По Жолтовскому архитектура — продолжение природы, подтверждение земного физического порядка вещей, показ борьбы силы тяжести с материей. Планетарные черты зодчества для него важней стилевых, а придумывание стилей — пустое формотворчество. В сущности, он признает: в архитектурном произведении две конструкции. Одна — действительная, обеспечивающая прочность здания. Другая — изображаемая, не всегда совпадающая с первой, представляющая действительную конструкцию такой, какой ее хотел бы видеть зодчий.

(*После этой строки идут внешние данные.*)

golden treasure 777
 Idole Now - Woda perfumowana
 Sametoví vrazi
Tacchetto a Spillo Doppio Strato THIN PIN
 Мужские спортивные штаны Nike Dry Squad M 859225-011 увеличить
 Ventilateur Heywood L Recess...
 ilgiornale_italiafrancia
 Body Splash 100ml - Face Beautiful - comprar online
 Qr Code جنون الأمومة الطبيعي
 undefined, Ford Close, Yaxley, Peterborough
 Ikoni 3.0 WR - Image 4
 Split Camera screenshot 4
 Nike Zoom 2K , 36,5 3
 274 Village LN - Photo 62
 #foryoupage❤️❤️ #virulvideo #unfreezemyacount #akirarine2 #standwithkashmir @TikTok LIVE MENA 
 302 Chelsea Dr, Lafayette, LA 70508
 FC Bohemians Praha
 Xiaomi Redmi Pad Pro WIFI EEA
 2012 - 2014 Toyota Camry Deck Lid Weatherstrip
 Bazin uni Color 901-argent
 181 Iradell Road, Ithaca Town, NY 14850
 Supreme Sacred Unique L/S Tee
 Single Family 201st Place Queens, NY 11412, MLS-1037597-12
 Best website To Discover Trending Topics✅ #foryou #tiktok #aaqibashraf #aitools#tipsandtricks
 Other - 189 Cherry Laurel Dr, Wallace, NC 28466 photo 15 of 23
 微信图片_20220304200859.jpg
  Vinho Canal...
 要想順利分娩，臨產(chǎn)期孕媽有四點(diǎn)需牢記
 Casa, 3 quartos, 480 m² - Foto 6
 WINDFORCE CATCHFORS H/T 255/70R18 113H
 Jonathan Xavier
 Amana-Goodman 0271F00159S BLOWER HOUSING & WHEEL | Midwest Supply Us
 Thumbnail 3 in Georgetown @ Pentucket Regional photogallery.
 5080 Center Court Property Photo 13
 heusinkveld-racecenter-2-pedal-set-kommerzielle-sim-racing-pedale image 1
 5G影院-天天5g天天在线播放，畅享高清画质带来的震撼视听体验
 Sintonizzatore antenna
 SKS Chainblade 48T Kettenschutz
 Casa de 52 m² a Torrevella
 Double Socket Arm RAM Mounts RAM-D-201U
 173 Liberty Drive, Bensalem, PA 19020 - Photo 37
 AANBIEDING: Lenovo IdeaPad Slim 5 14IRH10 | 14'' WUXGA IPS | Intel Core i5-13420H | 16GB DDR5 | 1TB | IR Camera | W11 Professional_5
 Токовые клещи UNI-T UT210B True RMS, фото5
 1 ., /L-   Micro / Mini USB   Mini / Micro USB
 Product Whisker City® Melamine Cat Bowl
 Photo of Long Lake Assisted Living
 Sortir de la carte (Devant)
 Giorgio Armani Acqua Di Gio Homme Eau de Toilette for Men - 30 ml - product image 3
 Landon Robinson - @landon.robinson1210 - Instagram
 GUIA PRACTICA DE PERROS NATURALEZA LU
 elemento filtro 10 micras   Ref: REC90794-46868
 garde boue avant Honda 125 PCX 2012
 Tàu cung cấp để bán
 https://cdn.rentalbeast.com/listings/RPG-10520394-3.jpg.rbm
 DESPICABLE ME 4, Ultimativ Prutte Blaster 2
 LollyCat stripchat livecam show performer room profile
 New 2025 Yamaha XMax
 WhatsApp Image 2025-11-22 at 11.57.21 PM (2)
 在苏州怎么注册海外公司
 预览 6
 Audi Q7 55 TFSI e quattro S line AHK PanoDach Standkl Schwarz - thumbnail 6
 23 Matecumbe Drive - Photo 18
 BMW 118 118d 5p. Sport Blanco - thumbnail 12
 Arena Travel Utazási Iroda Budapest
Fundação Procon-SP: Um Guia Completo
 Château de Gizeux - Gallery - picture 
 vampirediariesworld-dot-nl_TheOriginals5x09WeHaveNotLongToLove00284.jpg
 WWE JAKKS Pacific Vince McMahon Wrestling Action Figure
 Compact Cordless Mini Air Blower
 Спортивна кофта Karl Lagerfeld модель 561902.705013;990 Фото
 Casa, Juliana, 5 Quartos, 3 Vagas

     Она — идеализация первой. Причем зодчий ищет композиционную идею в сфере именно таких идеализаций. Конструктивная схема, распределение нагрузок, работа внутренних сил в этой вымышленной конструкции — одна из художественных мистификаций, без которых нет архитектуры как искусства.
     В рамках данных построений Жолтовский стремится выявить свойства камня, металла, дерева. Реализм архитектуры, считает он, состоит в искусстве "правдиво подать материал", в доверии зодчего к простейшей конструкции — стене. Усложненность, украшенность стен в готике и барокко, убежден он, — род декаденса, кризис тектонической правды.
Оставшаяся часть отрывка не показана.